* Problem details
Go through the data below and return each line where the string "will" occurs.

* Exercise input
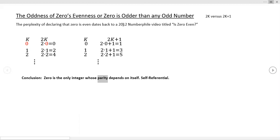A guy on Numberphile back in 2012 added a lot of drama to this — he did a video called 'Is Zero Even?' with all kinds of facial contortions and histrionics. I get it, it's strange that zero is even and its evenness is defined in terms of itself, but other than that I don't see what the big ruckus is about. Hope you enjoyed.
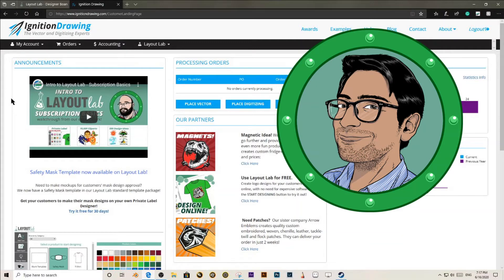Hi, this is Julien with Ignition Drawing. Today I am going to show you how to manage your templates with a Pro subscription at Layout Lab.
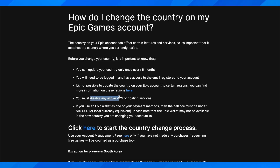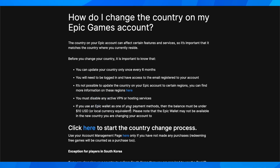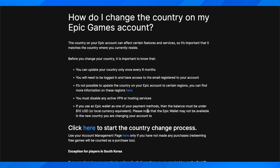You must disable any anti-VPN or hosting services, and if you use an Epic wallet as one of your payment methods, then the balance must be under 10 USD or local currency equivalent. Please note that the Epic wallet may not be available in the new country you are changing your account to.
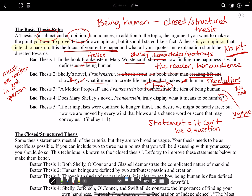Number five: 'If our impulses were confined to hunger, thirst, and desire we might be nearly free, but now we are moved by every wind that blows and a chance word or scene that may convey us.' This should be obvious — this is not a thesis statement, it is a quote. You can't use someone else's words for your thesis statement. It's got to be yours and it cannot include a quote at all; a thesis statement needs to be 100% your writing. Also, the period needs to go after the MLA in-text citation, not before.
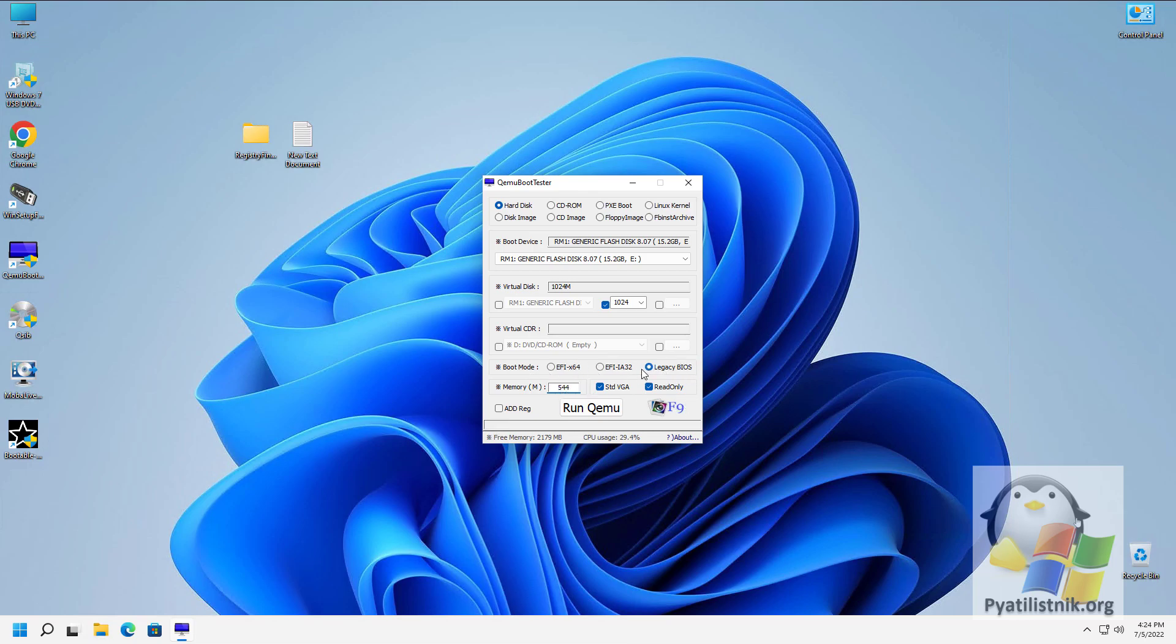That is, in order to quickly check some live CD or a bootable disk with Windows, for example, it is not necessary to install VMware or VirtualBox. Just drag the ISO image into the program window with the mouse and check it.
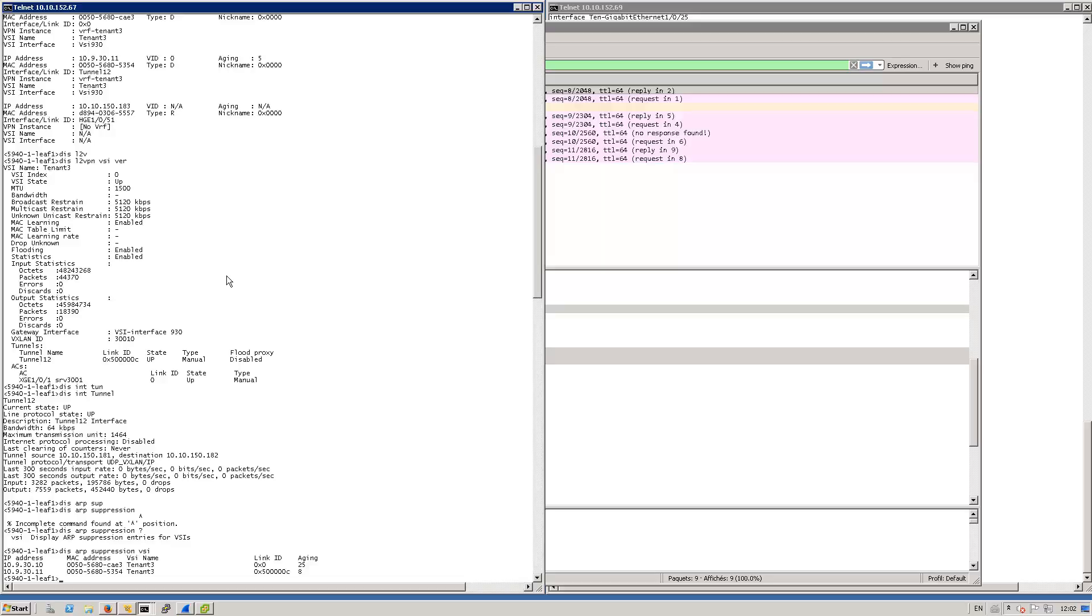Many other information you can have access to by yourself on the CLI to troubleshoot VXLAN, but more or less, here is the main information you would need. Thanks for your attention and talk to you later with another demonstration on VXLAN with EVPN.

---

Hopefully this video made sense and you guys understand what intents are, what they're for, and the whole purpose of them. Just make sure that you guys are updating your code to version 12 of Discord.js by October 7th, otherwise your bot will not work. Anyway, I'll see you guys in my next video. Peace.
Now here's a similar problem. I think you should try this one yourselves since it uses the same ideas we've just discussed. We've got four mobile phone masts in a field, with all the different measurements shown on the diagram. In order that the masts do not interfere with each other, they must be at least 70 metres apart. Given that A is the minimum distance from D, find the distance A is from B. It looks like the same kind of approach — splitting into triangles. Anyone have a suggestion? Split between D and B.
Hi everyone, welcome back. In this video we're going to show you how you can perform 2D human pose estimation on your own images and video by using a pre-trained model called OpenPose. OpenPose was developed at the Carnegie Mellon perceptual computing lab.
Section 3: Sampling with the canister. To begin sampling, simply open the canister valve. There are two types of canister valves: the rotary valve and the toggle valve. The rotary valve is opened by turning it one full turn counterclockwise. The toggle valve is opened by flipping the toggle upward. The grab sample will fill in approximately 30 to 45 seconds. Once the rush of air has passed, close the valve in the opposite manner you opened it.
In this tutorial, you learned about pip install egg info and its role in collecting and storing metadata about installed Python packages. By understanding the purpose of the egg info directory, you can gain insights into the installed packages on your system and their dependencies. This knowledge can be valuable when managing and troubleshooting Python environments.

* Exercise solution
Hopefully this video made sense and you guys understand what intents are, what they're for, and the whole purpose of them. Just make sure that you guys are updating your code to version 12 of Discord.js by October 7th, otherwise your bot will not work. Anyway, I'll see you guys in my next video. Peace.
Section 3: Sampling with the canister. To begin sampling, simply open the canister valve. There are two types of canister valves: the rotary valve and the toggle valve. The rotary valve is opened by turning it one full turn counterclockwise. The toggle valve is opened by flipping the toggle upward. The grab sample will fill in approximately 30 to 45 seconds. Once the rush of air has passed, close the valve in the opposite manner you opened it.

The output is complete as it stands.